Washington: An Iraqi living in Kentucky pleaded guilty on Friday to charges that he tried to kill US soldiers in Iraq, aided al Qaeda operatives there and taught how to make roadside bombs, the Justice Department said.
Waad Ramadan Alwan, 30, pleaded guilty to a 23-count indictment in a federal court in Kentucky - a case that drew harsh criticism from Republicans in the US Congress who argued that such terrorism suspects should be tried in military courts at the American military base at Guantanamo Bay, Cuba.
The Obama administration rebuffed such demands, countering that federal courts also can handle major terrorism cases.
"The successful investigation, arrest, interrogation and prosecution of Alwan demonstrates the effectiveness of our intelligence and law enforcement authorities in bringing terrorists to justice," Lisa Monaco, the head of the Justice Department's national security division, said in a statement.
Alwan was accused of taking part in roadside bomb attacks on US troops between 2003 and 2006, linked in one such instance by fingerprints obtained by US forces from a device that did not detonate.

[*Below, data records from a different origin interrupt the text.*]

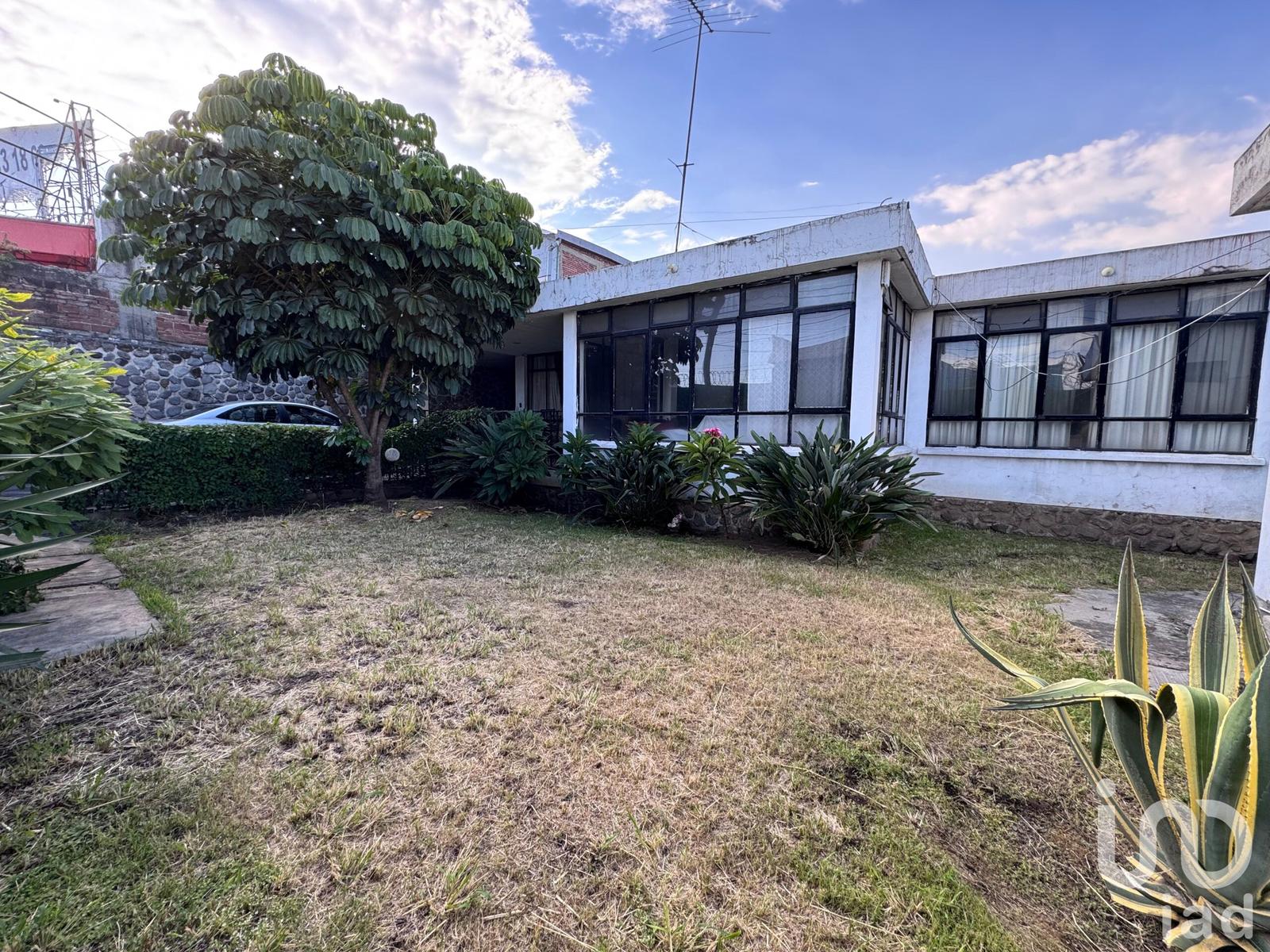 Casa o local en venta en Amatitlán, Cuernavaca Morelos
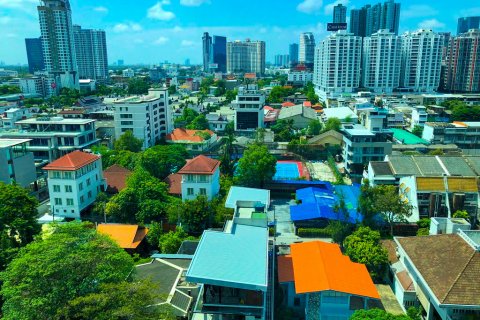Condo à Bangkok, Thaïlande, 1 chambre № 66471 - photo 13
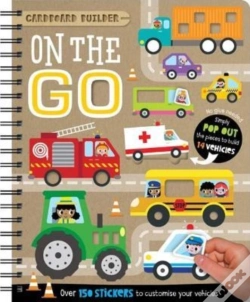 Capa do artigo Cardboard Builder On The Go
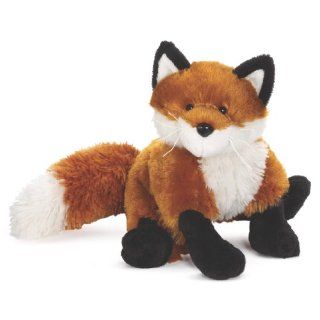 Webkinz HM171 Fox Plush Stuffed Animal Toys & Games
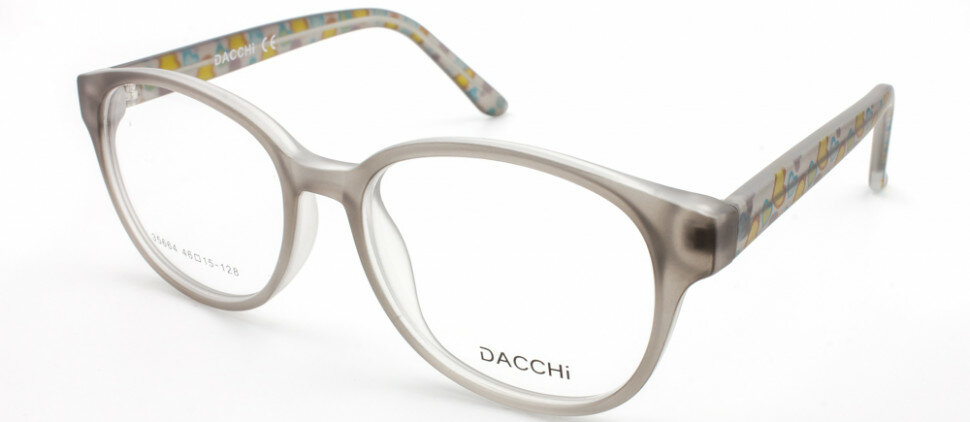 Медицинская оправа DACCHI 35664 C5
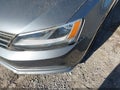 2015 Volkswagen Jetta — photo 6 of 13 | VIN 3VW2K7AJ3FM218892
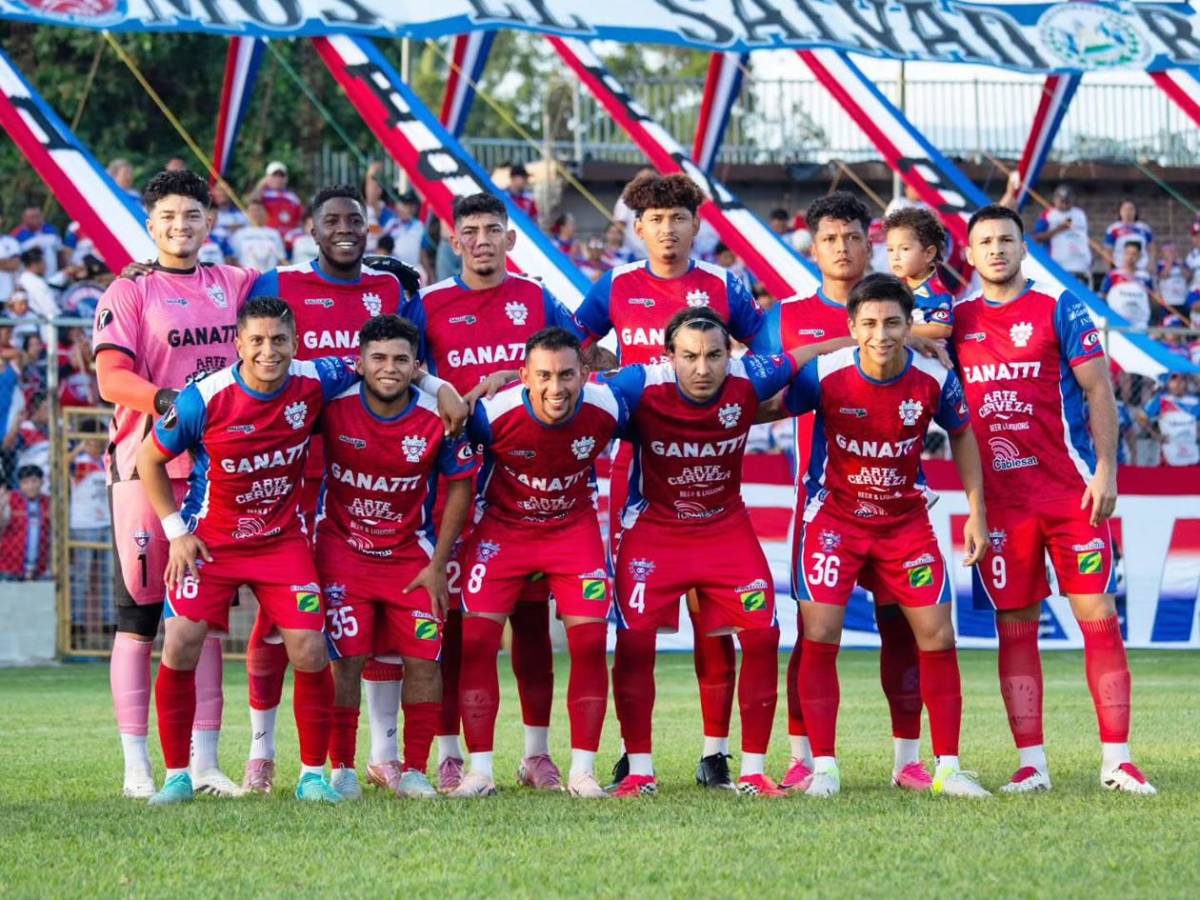 Olimpia da golpe en Concacaf: destrona a Alajuelense y Motagua sube en ranking de Centroamérica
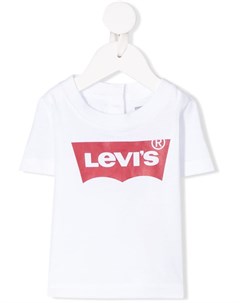 Футболка с логотипом Levi's kids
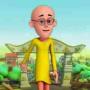 Токен Patlu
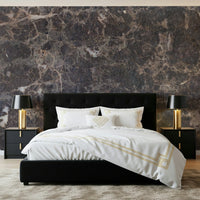 Sophisticated and elegant vein-inspired design, perfect for upscale interiors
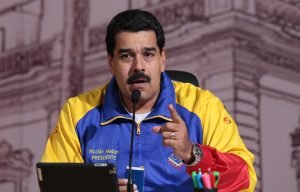 Maduro propone reforma constitucional para incorporar la cárcel perpetua a corruptos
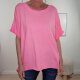 Vokuhila Shirt Basic - One Size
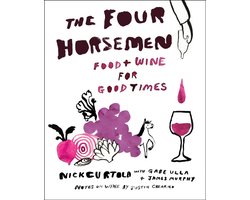 The Four Horsemen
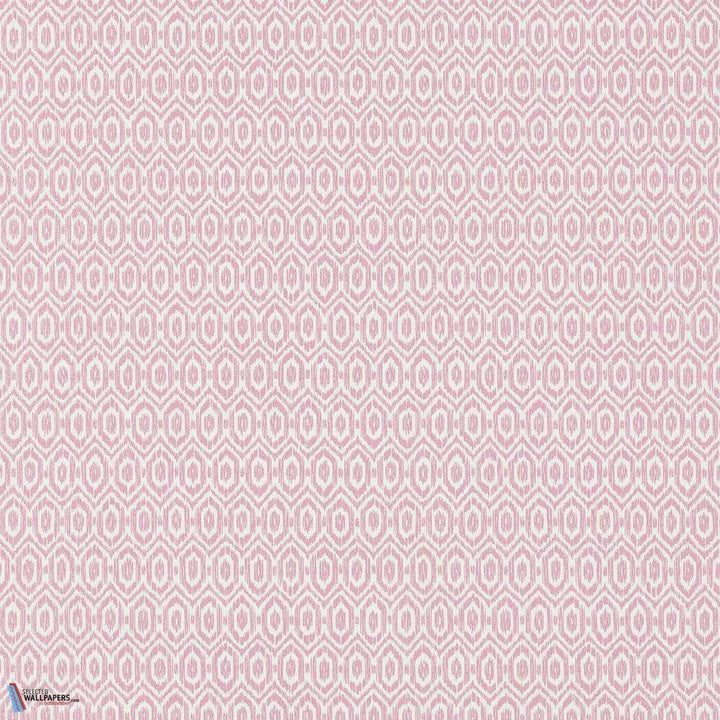 Amala-behang-Tapete-Pierre Frey-Rose-Rol-FP765001-Selected Wallpapers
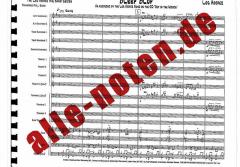 Bleep Blop von L. Hooper 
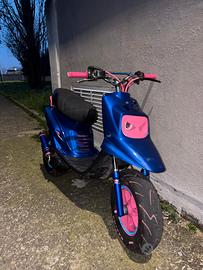 booster MBK 
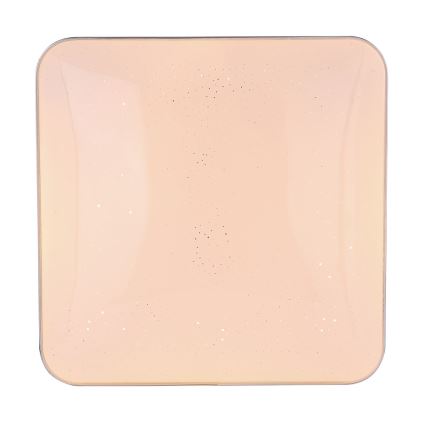 Globo 48406-24 - Plafonnier LED LASSY LED/24W/230V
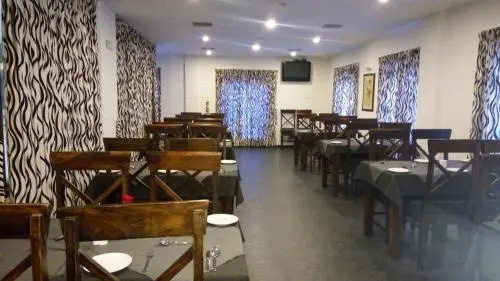 Hotel Narendra Central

The FBI started investigating him in September 2009 and nearly a year later began using a confidential source to talk with him about his activities in Iraq, which allegedly included using improvised explosive devices, known as IEDs, and sniper rifles to target US troops.
During conversations with the source, Alwan said he worked at a power plant but often hid roadside bombs, according to court papers filed earlier this year. He also allegedly boasted of attacking Hummers and Bradley fighting vehicles.
He and a second Iraqi, Mohanad Shareef Hammadi, also were charged for allegedly trying to provide support and weapons to an al Qaeda affiliate in Iraq in a sting operation subsequently run by US authorities.
Hammadi has pleaded not guilty to the charges.
The two Iraqis entered the United States in 2009 after receiving refugee status. They were arrested in May in their hometown of Bowling Green, Kentucky.
Alwan faces at least 25 years and up to life in a US prison under the plea agreement and he is scheduled to be sentenced on April 3.